== Segment start ==

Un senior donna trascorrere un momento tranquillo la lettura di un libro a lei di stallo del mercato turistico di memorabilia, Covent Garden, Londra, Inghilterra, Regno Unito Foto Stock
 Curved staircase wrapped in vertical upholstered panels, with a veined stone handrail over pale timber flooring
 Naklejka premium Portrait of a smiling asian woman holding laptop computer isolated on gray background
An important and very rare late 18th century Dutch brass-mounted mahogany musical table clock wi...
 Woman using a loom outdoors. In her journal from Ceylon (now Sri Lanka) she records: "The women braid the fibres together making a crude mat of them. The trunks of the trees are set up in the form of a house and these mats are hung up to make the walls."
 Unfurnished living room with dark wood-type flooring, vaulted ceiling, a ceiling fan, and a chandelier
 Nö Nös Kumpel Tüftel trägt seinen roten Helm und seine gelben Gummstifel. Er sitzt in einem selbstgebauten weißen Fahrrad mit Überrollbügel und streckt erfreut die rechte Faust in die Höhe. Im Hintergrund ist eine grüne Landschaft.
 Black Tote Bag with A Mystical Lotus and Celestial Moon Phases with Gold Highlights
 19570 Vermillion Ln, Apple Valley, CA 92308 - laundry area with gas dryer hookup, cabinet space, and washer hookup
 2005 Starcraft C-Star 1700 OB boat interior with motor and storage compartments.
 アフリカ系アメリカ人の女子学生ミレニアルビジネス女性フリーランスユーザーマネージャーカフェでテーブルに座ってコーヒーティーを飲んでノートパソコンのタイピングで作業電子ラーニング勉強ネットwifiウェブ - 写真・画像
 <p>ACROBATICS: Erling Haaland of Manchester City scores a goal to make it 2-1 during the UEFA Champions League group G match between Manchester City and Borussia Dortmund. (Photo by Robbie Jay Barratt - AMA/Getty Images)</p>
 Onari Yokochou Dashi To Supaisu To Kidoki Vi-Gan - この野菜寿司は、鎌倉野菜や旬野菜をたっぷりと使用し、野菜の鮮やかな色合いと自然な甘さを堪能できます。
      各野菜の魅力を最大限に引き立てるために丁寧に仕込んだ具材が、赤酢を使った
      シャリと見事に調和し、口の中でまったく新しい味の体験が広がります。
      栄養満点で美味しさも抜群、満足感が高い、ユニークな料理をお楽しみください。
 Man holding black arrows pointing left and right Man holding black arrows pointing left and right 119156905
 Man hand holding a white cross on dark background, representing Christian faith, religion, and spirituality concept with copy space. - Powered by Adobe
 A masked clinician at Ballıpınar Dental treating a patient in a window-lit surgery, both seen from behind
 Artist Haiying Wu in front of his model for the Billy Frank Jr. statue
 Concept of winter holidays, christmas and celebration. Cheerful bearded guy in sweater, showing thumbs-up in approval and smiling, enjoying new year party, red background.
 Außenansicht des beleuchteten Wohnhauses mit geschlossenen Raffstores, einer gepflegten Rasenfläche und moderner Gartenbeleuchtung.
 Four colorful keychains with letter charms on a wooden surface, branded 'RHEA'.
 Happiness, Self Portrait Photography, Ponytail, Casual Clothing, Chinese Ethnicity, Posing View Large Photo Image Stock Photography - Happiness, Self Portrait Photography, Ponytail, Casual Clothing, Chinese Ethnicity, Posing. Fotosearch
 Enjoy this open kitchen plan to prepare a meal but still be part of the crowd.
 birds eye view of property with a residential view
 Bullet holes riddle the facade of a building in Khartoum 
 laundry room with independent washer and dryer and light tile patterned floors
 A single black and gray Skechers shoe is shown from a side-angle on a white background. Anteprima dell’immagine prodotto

== Segment end ==

### ASSIGNMENT:
Please be sure to repeat every entry exactly.

### EXERCISE OUTPUT:
Un senior donna trascorrere un momento tranquillo la lettura di un libro a lei di stallo del mercato turistico di memorabilia, Covent Garden, Londra, Inghilterra, Regno Unito Foto Stock
 Curved staircase wrapped in vertical upholstered panels, with a veined stone handrail over pale timber flooring
 Naklejka premium Portrait of a smiling asian woman holding laptop computer isolated on gray background
An important and very rare late 18th century Dutch brass-mounted mahogany musical table clock wi...
 Woman using a loom outdoors. In her journal from Ceylon (now Sri Lanka) she records: "The women braid the fibres together making a crude mat of them. The trunks of the trees are set up in the form of a house and these mats are hung up to make the walls."
 Unfurnished living room with dark wood-type flooring, vaulted ceiling, a ceiling fan, and a chandelier
 Nö Nös Kumpel Tüftel trägt seinen roten Helm und seine gelben Gummstifel. Er sitzt in einem selbstgebauten weißen Fahrrad mit Überrollbügel und streckt erfreut die rechte Faust in die Höhe. Im Hintergrund ist eine grüne Landschaft.
 Black Tote Bag with A Mystical Lotus and Celestial Moon Phases with Gold Highlights
 19570 Vermillion Ln, Apple Valley, CA 92308 - laundry area with gas dryer hookup, cabinet space, and washer hookup
 2005 Starcraft C-Star 1700 OB boat interior with motor and storage compartments.
 アフリカ系アメリカ人の女子学生ミレニアルビジネス女性フリーランスユーザーマネージャーカフェでテーブルに座ってコーヒーティーを飲んでノートパソコンのタイピングで作業電子ラーニング勉強ネットwifiウェブ - 写真・画像
 <p>ACROBATICS: Erling Haaland of Manchester City scores a goal to make it 2-1 during the UEFA Champions League group G match between Manchester City and Borussia Dortmund. (Photo by Robbie Jay Barratt - AMA/Getty Images)</p>
 Onari Yokochou Dashi To Supaisu To Kidoki Vi-Gan - この野菜寿司は、鎌倉野菜や旬野菜をたっぷりと使用し、野菜の鮮やかな色合いと自然な甘さを堪能できます。
      各野菜の魅力を最大限に引き立てるために丁寧に仕込んだ具材が、赤酢を使った
      シャリと見事に調和し、口の中でまったく新しい味の体験が広がります。
      栄養満点で美味しさも抜群、満足感が高い、ユニークな料理をお楽しみください。
 Man holding black arrows pointing left and right Man holding black arrows pointing left and right 119156905
 Man hand holding a white cross on dark background, representing Christian faith, religion, and spirituality concept with copy space. - Powered by Adobe
 A masked clinician at Ballıpınar Dental treating a patient in a window-lit surgery, both seen from behind
 Artist Haiying Wu in front of his model for the Billy Frank Jr. statue
 Concept of winter holidays, christmas and celebration. Cheerful bearded guy in sweater, showing thumbs-up in approval and smiling, enjoying new year party, red background.
 Außenansicht des beleuchteten Wohnhauses mit geschlossenen Raffstores, einer gepflegten Rasenfläche und moderner Gartenbeleuchtung.
 Four colorful keychains with letter charms on a wooden surface, branded 'RHEA'.
 Happiness, Self Portrait Photography, Ponytail, Casual Clothing, Chinese Ethnicity, Posing View Large Photo Image Stock Photography - Happiness, Self Portrait Photography, Ponytail, Casual Clothing, Chinese Ethnicity, Posing. Fotosearch
 Enjoy this open kitchen plan to prepare a meal but still be part of the crowd.
 birds eye view of property with a residential view
 Bullet holes riddle the facade of a building in Khartoum 
 laundry room with independent washer and dryer and light tile patterned floors
 A single black and gray Skechers shoe is shown from a side-angle on a white background. Anteprima dell’immagine prodotto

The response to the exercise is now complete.